Woning tegen te hoge waarde aan bv verkocht In 2019 laat de Belastingdienst de taxatie in 2016 beoordelen. De taxateur van de
Belastingdienst is het in grote lijnen eens met de taxateur van de bv. Volgens de
taxateur van de fiscus bedraagt de waarde € 375.000. De inspecteur meent dat de bv
bij de aankoop van de woning de dga heeft bevoordeeld voor 99% (het aandelenbelang
van de dga in de bv) x (€ 513.000 -/- € 375.000) = € 136.620. Deze bevoordeling is
een verkapte winstuitdeling, aldus de fiscus. De dga bestrijdt dit standpunt in een
beroepsprocedure voor Rechtbank Zeeland-West-Brabant. Daarbij stelt hij eerst dat
de bv de woning niet tegen een te hoge prijs heeft gekocht. De rechtbank vindt echter
niet aannemelijk dat de woning binnen een jaar in waarde is gedaald van € 513.000
naar € 372.000.

Verkoopprijs was gebaseerd op WOZ-waarde Maar vervolgens stelt de dga zich niet bewust te zijn geweest van een eventuele bevoordeling.

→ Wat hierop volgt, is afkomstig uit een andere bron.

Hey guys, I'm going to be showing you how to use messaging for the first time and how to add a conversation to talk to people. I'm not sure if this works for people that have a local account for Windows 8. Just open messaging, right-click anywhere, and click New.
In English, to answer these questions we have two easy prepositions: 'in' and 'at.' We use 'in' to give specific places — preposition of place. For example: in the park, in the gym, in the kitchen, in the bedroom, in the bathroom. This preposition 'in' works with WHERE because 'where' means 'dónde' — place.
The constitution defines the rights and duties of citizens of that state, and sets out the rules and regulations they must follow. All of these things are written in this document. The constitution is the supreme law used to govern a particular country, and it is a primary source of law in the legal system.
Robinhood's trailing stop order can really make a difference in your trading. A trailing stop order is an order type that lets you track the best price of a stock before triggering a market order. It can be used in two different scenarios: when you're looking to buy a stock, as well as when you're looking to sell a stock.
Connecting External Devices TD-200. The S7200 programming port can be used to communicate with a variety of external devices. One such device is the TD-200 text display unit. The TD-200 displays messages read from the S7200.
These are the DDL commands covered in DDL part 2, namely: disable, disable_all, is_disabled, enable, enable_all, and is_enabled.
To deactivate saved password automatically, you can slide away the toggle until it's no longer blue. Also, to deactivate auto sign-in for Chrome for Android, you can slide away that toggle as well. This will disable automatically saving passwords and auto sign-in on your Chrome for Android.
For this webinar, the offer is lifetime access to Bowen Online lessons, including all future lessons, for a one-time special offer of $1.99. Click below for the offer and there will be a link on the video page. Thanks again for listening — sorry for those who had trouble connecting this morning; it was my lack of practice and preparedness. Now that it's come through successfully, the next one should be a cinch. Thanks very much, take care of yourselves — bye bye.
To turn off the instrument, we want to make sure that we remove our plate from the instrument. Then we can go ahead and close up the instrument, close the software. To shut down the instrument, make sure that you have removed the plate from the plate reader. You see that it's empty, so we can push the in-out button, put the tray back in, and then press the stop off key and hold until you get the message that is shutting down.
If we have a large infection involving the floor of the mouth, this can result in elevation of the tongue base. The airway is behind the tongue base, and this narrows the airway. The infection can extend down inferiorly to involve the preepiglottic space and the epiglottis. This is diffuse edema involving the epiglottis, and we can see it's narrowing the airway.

Deze stelling motiveert hij als volgt. De WOZ-waarde van de woning op de waardepeildatum
1 januari 2014, die is vastgesteld in 2015 was het uitgangspunt voor de koopprijs
voor de bv. Deze WOZ-waarde bedroeg € 492.000. De WOZ-waarde vertegenwoordig de waarde
in het economische verkeer van een onroerende zaak. De dga heeft geen bezwaar gemaakt
tegen deze WOZ-waarde. Bovendien zijn WOZ-waarden in het algemeen eerder te laag dan
te hoog, aldus de bv. Met deze motivering overtuigt de dga de rechtbank ervan dat
een bevoordelingsoogmerk ontbrak. De rechtbank vernietigt de opgelegde navorderingsaanslag.

Bron: Rb. Zeeland-West-Brabant 06-05-2024 (gepubl. 14-05-2024).